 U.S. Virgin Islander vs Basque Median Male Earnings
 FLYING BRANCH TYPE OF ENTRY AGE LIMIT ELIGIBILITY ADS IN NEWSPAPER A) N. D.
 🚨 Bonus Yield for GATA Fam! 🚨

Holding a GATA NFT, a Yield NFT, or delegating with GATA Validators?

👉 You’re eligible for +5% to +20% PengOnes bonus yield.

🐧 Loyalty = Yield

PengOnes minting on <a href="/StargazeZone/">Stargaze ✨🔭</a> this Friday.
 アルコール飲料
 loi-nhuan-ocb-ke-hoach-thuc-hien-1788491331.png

==========

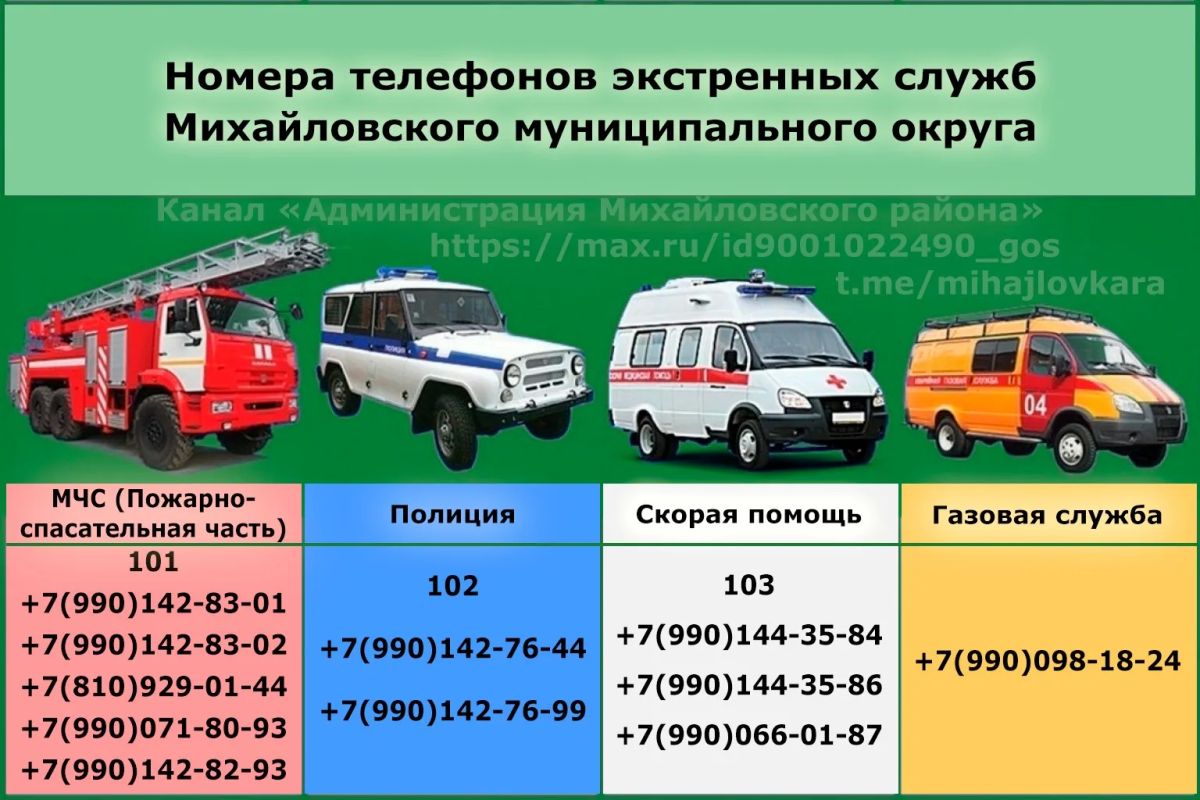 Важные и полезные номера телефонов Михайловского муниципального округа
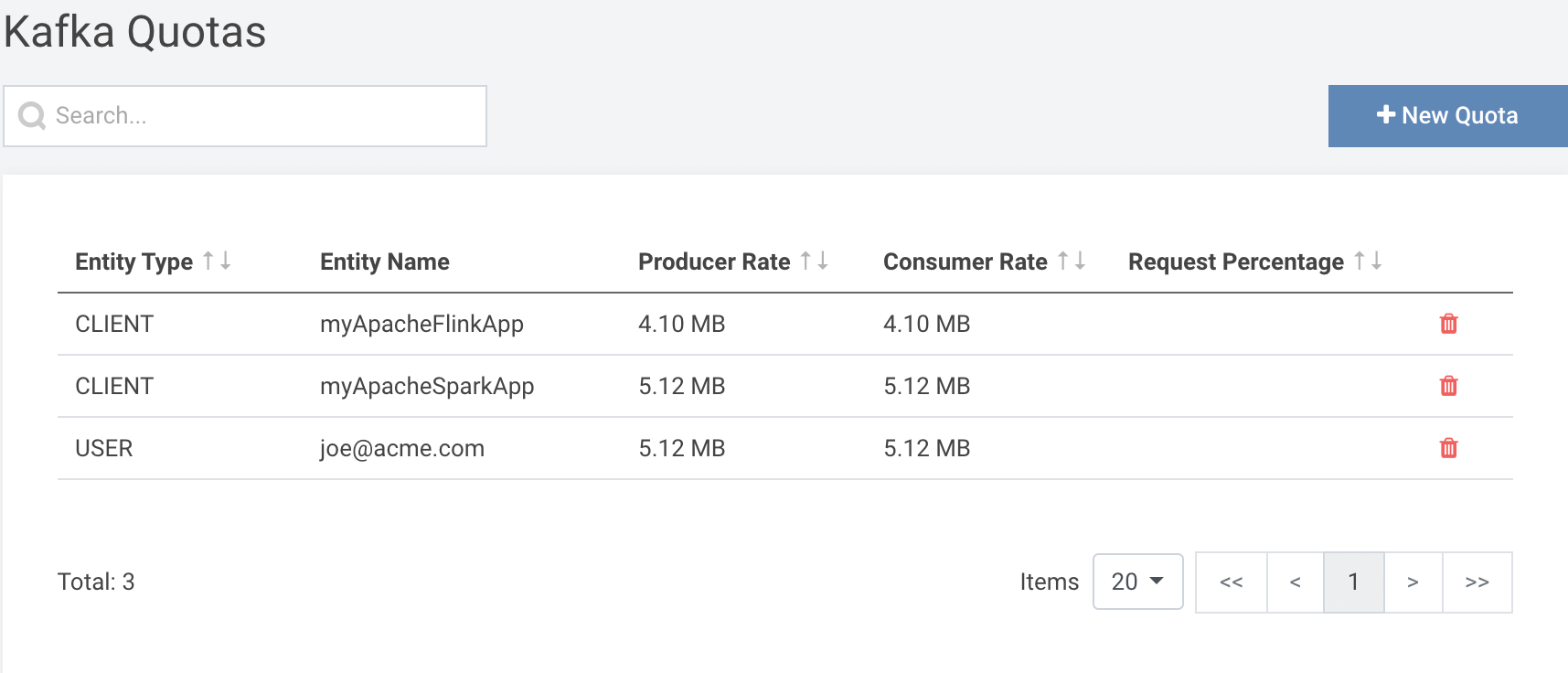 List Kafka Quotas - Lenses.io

==========

■ INSTRUCTIONS TO FOLLOW ■
Return the span of lines in the data above that opens at the line with "FLYING BRANCH TYPE" and closes at the line with "loi-nhuan-ocb-ke-hoach-thuc-hien-1788491331.png", exactly, ends included, nothing else.

■ ANSWER TO THIS TASK ■
 FLYING BRANCH TYPE OF ENTRY AGE LIMIT ELIGIBILITY ADS IN NEWSPAPER A) N. D.
 🚨 Bonus Yield for GATA Fam! 🚨

Holding a GATA NFT, a Yield NFT, or delegating with GATA Validators?

👉 You’re eligible for +5% to +20% PengOnes bonus yield.

🐧 Loyalty = Yield

PengOnes minting on <a href="/StargazeZone/">Stargaze ✨🔭</a> this Friday.
 アルコール飲料
 loi-nhuan-ocb-ke-hoach-thuc-hien-1788491331.png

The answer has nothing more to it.